How to make Regular expression into non-greedy?
The non-greedy regex modifiers are like their greedy counter-parts but with a ?
immediately following them:
* - zero or more
*? - zero or more (non-greedy)
+ - one or more
+? - one or more (non-greedy)
? - zero or one
?? - zero or one (non-greedy)
I believe it would be like this
takedata.match(/(\[.+\])/g);
the g
at the end means global, so it doesn't stop at the first match.

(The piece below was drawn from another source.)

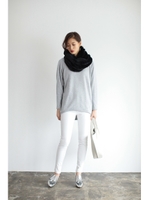 【AZUL by moussy】裏毛ドルマン長袖プルオーバー/T.GRY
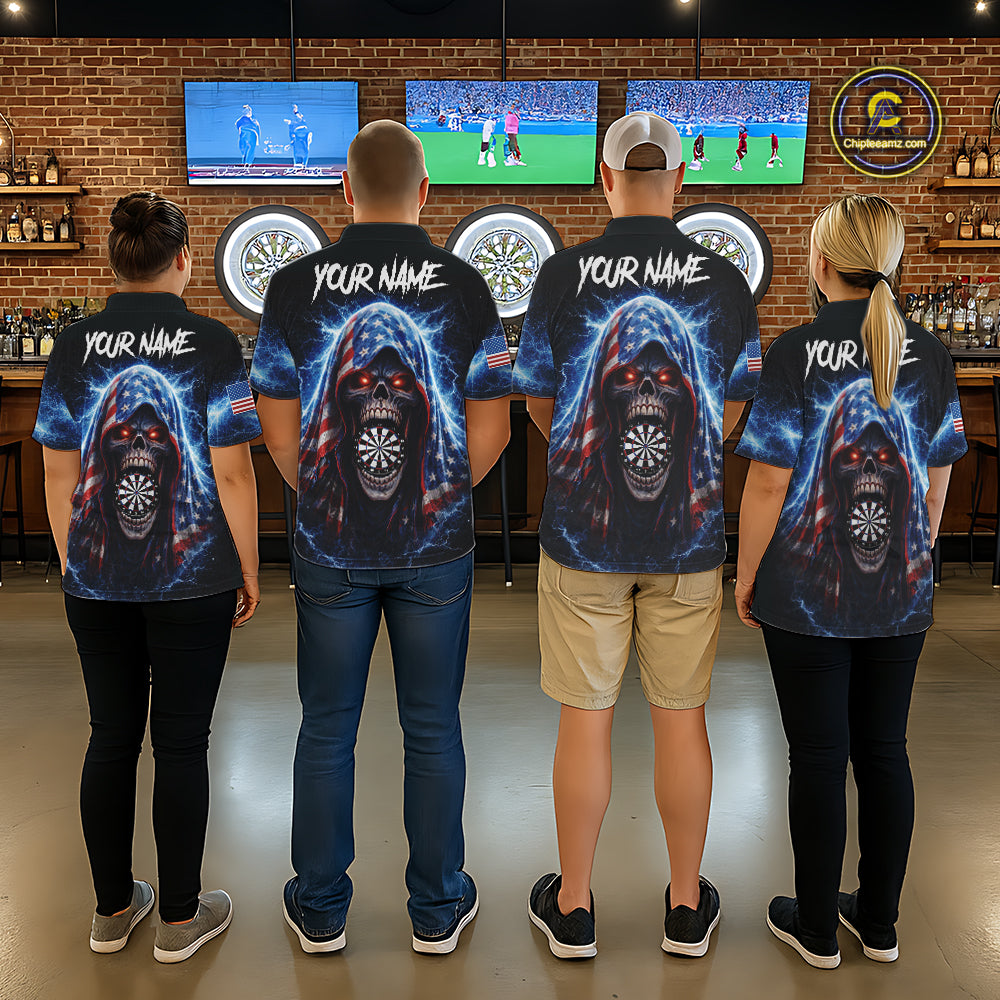 American Flag Thunder Grim Reaper Dartboard Men Darts Polo Shirt Custom Patriotic Dart League Shirt NYN2641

You are right that greediness is an issue:
--A--Z--A--Z--
^^^^^^^^^^
A.*Z
If you want to match both A--Z
, you'd have to use A.*?Z
(the ?
makes the *
"reluctant", or lazy).
There are sometimes better ways to do this, though, e.g.
A[^Z]*+Z
This uses negated character class and possessive quantifier, to reduce backtracking, and is likely to be more efficient.
In your case, the regex would be:
/(\[[^\]]++\])/
Unfortunately Javascript regex doesn't support possessive quantifier, so you'd just have to do with:
/(\[[^\]]+\])/
See also
- regular-expressions.info/Repetition
- See: An Alternative to Laziness
- Possessive quantifiers
- Flavors comparison
- See: An Alternative to Laziness
Quick summary
* Zero or more, greedy
*? Zero or more, reluctant
*+ Zero or more, possessive
+ One or more, greedy
+? One or more, reluctant
++ One or more, possessive
? Zero or one, greedy
?? Zero or one, reluctant
?+ Zero or one, possessive
Note that the reluctant and possessive quantifiers are also applicable to the finite repetition {n,m}
constructs.
Examples in Java:
System.out.println("aAoZbAoZc".replaceAll("A.*Z", "!")); // prints "a!c"
System.out.println("aAoZbAoZc".replaceAll("A.*?Z", "!")); // prints "a!b!c"
System.out.println("xxxxxx".replaceAll("x{3,5}", "Y")); // prints "Yx"
System.out.println("xxxxxx".replaceAll("x{3,5}?", "Y")); // prints "YY"